Trois possibilités. "Soit il y a un accord signé dans l'entreprise avec les syndicats, et dans ce cas il s'applique, y compris dans les dispositions exceptionnelles qu'il prévoit", indique Me Laure Marquès. "S’il n’y a pas d’accord, il est possible de mettre en place une charte. Dans ce cas, l’employeur précise unilatéralement les modalités de mise en œuvre du télétravail dans son entreprise." Dernière possibilité : "C'est une extension très récente, qui permet l’accès au télétravail en dehors d’un accord collectif  ou d’une charte, uniquement par le gré à gré,  entre le salarié et l’employeur", détaille l'avocate. "Ce gré à gré permet d’échapper aujourd’hui au formalisme chronophage d'un avenant : on peut très bien imaginer que l’accord se fasse sur la base d’un SMS en cas d'urgence."  

> A l’inverse, mon employeur peut-il refuser le télétravail en cas de grève ?

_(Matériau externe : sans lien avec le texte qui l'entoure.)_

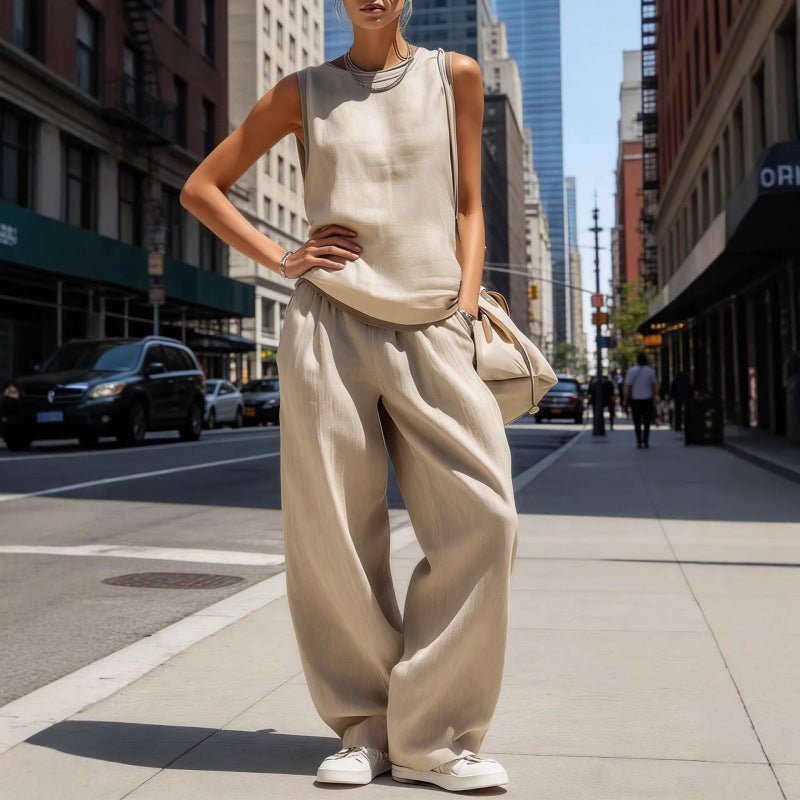 Women’s sleeveless cardigan top and pants two-piece casualwear set by FitiqueFit, featuring a lightweight sleeveless cardigan and matching pants.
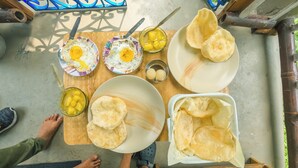 A dining table with plates of food, including eggs and a bowl of mangoes. - Bon Kiputhang (Chungthang)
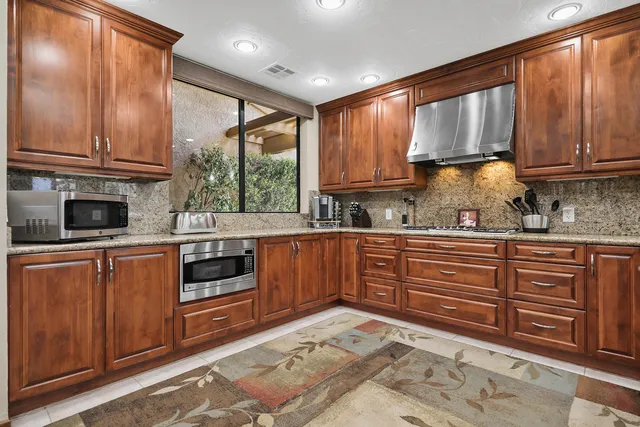 a kitchen with stainless steel appliances granite countertop a stove sink and cabinets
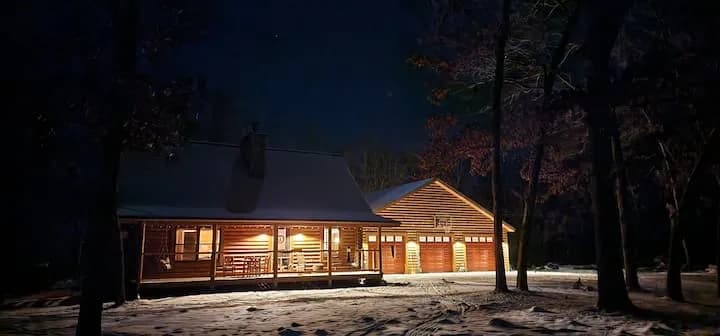 The cabin and garage glowing on a snowy night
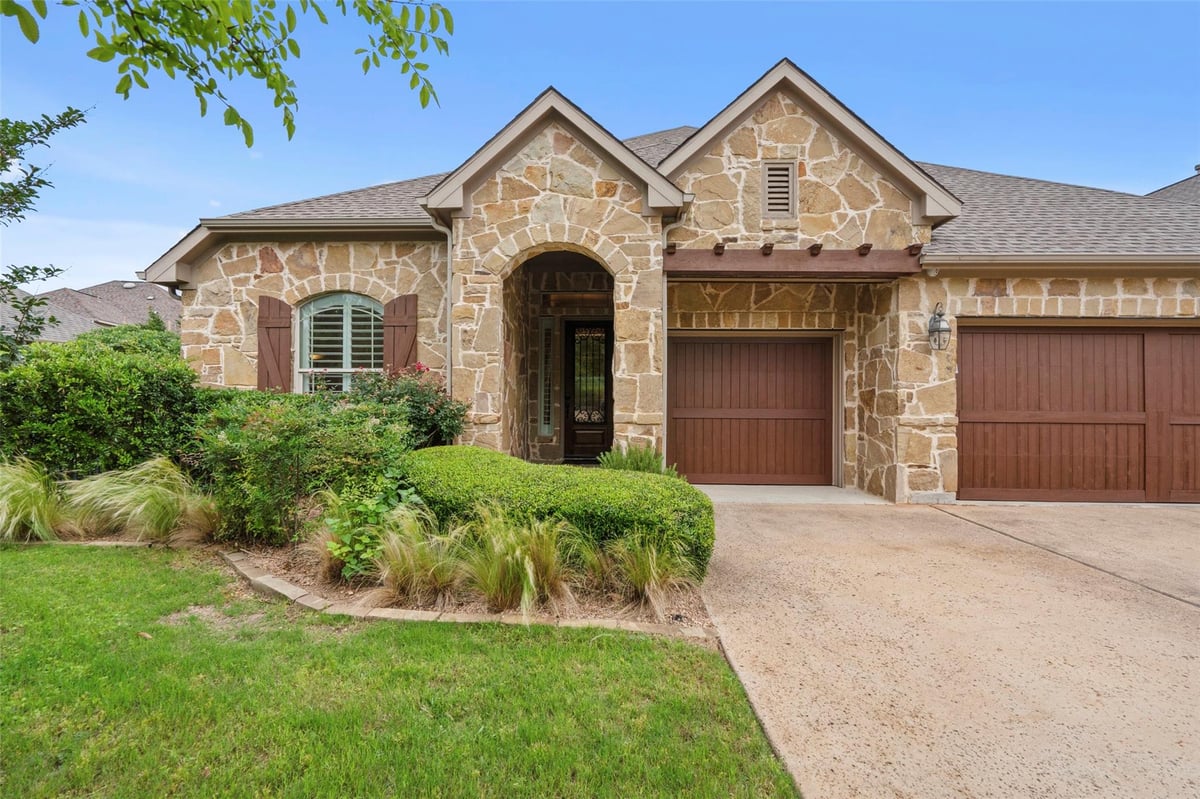 View 205 Wester Ross LN in Rough Hollow 205 Wester Ross LN - front exterior - Luxury home in Rough Hollow, Austin, TX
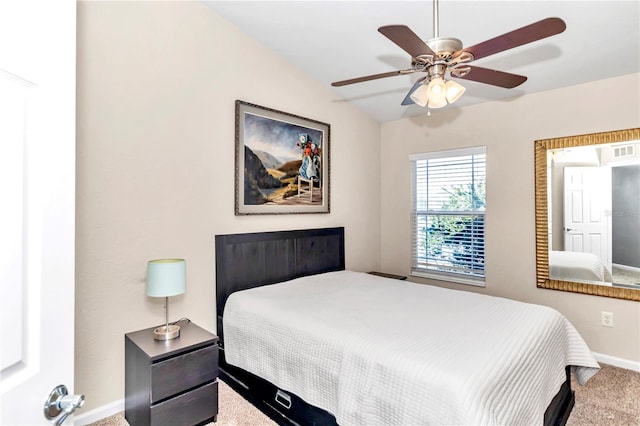 bedroom with carpet flooring, ceiling fan, and vaulted ceiling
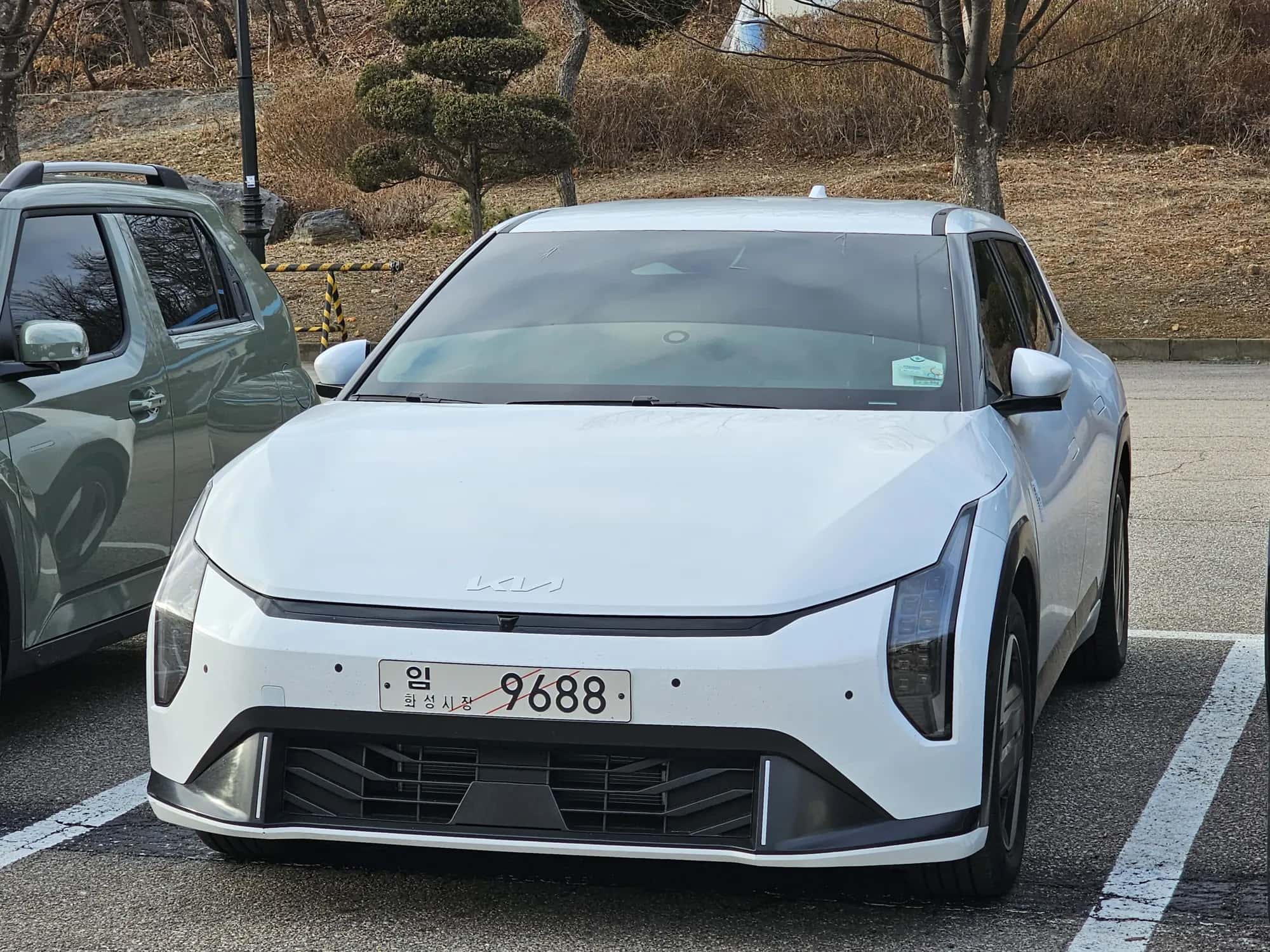 La Kia EV4 blanche vue de trois quarts avant sur un parking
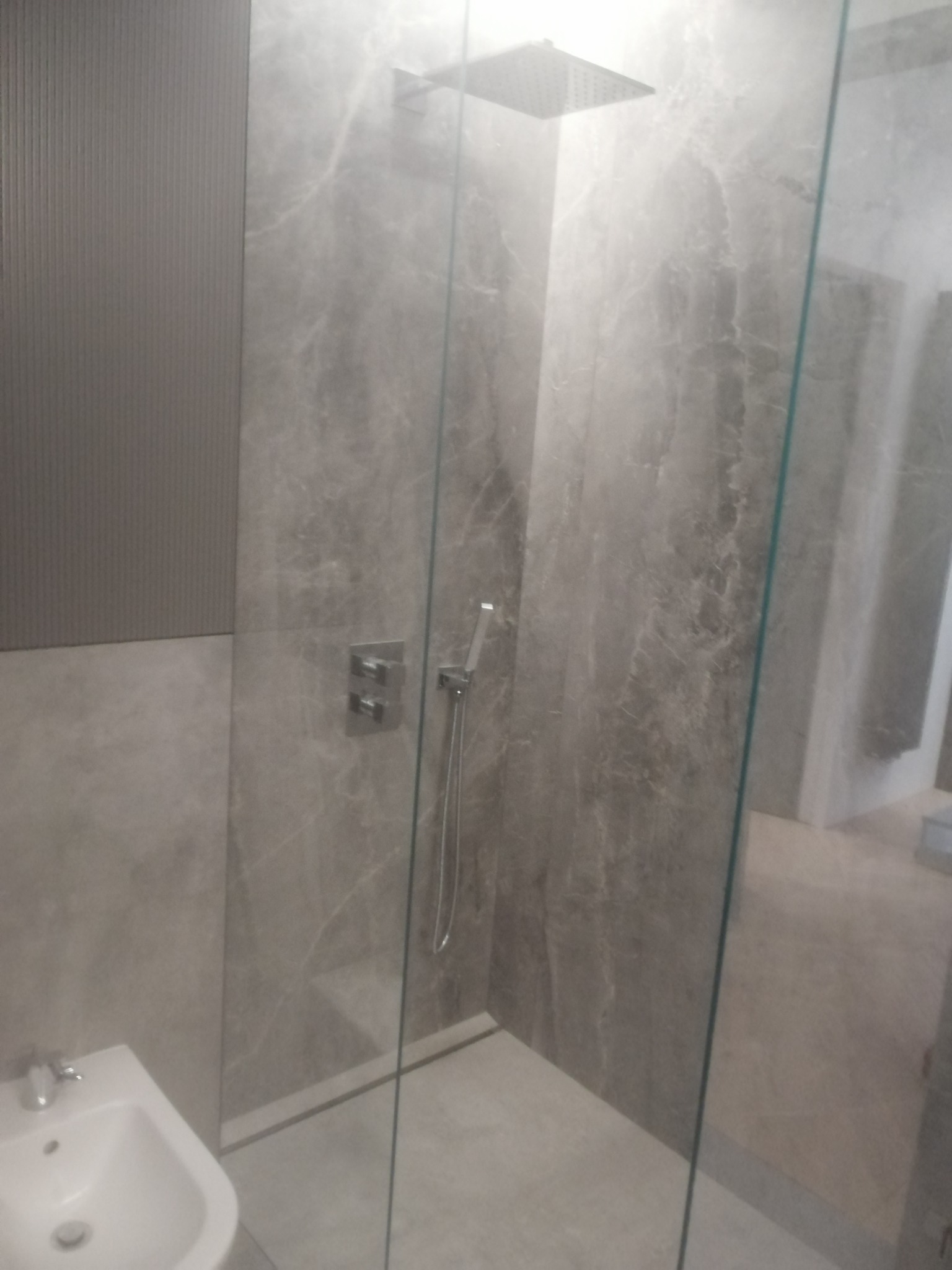 Szara łazienka z kabiną prysznicową typu walk-in, wykończona marmurowymi płytkami, widoczna bateria podtynkowa i deszczownica.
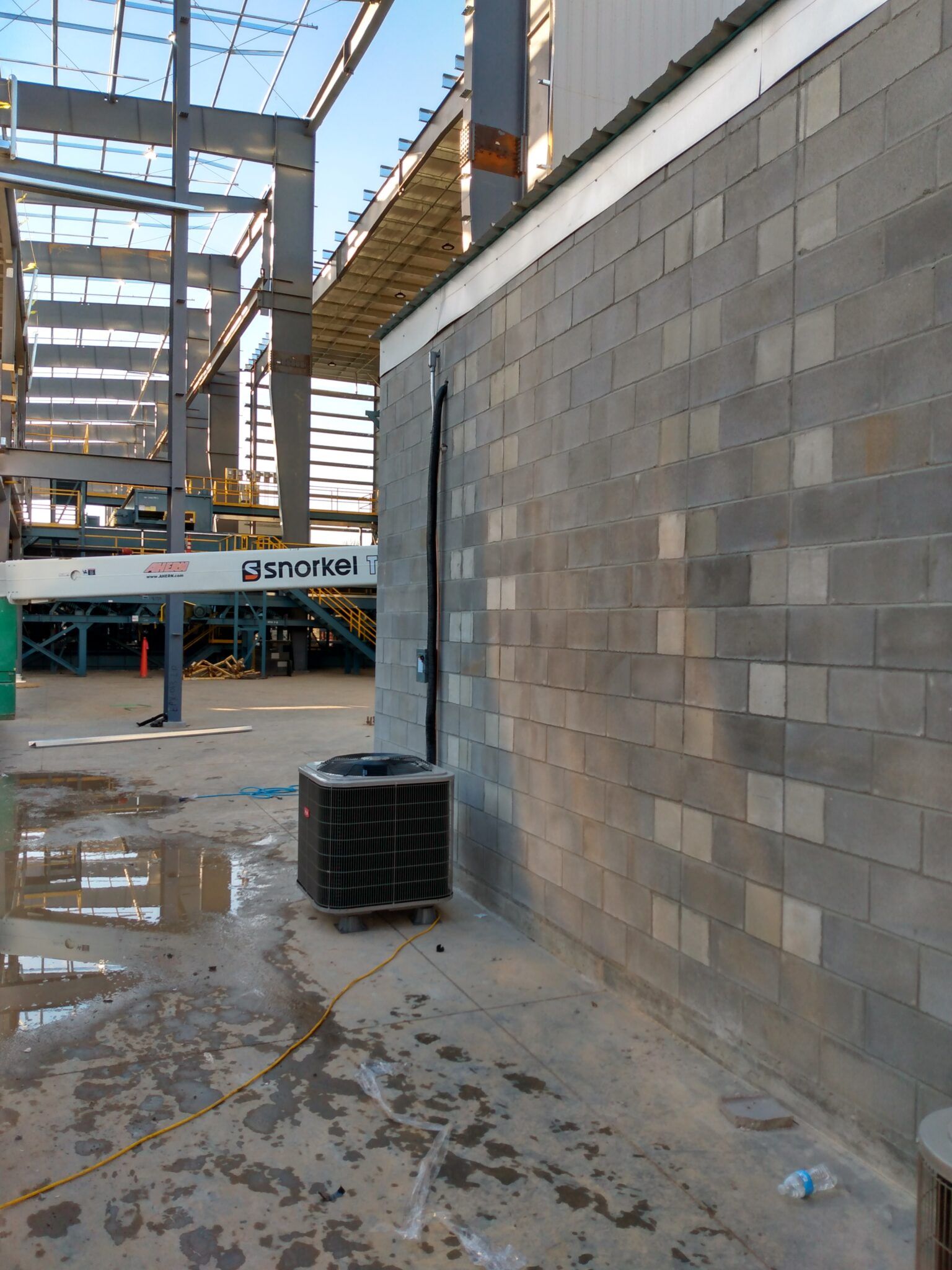 An air conditioner is sitting on the side of a building under construction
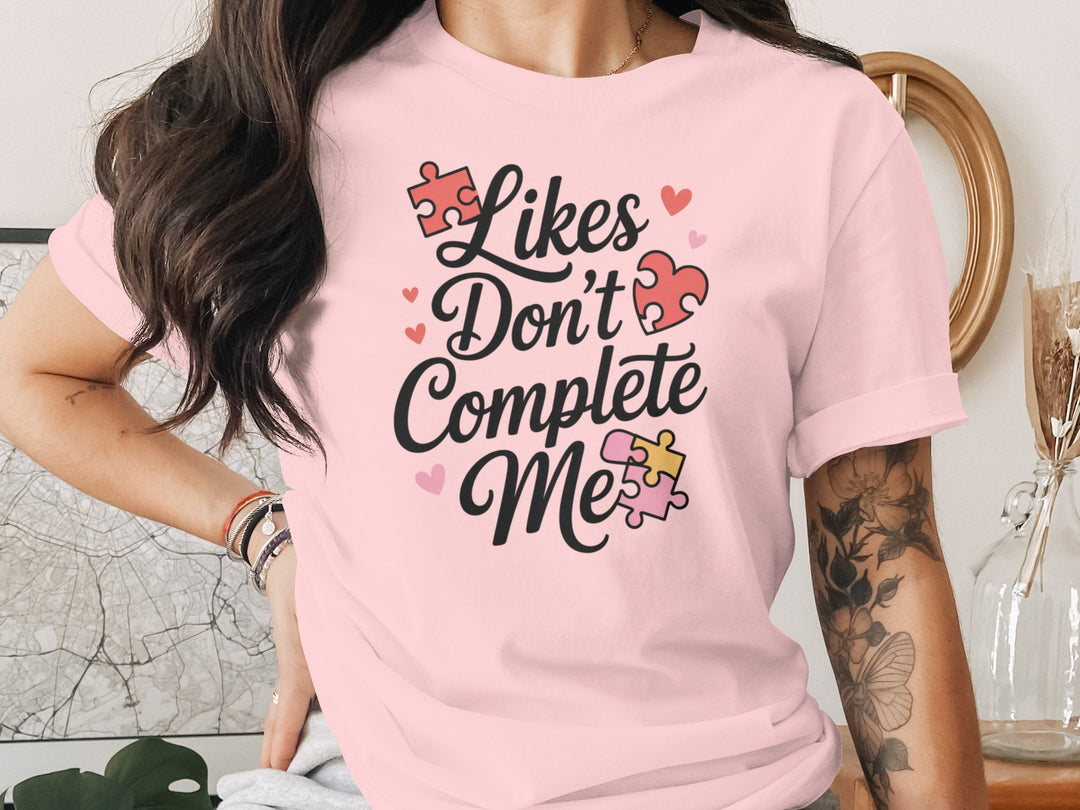 likes don’t complete me puzzle-heart graphic — women’s t-shirt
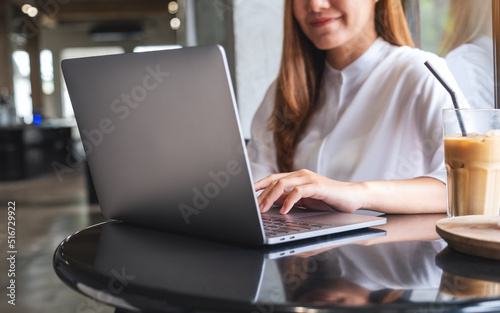 Closeup image of a woman working and typing on laptop computer keyboard with a glass of coffee on the table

"L’employeur peut refuser évidemment le télétravail", indique Me Frédéric Aknin. "Mais il faut imaginer aussi les conséquences de ce refus : si vous avez une grève majeure et massive, et que le salarié propose le télétravail, le notifie, et que l’employeur le refuse, ce dernier s’expose. Car si le salarié tente de venir et qu’il a un accident, qu’il a un stress trop fort ou une fatigue excessive, l’employeur peut être tenu pour responsable, car il n’aura pas pris les mesures adéquates pour assurer la sécurité." Autre possibilité : le salarié, seul ou adossé aux instances représentatives du personnel, peut estimer que le risque de venir travailler est trop important, et faire jouer un droit de retrait. "L'employeur qui irait jusqu’au bout des conséquences et exercerait une retenue de salaire pourrait se voir opposer par un tribunal saisi le caractère abusif de cette retenue". "D'autant que l'employeur doit justifier son refus d'accéder à une demande de télétravail", précise Me Laure Marquès. "Et sur un fait de grève, il devrait démontrer en quoi la présence du collaborateur est indispensable sur site, et pourquoi une mesure exceptionnelle de télétravail ne pouvait pas suppléer la présence physique du salarié."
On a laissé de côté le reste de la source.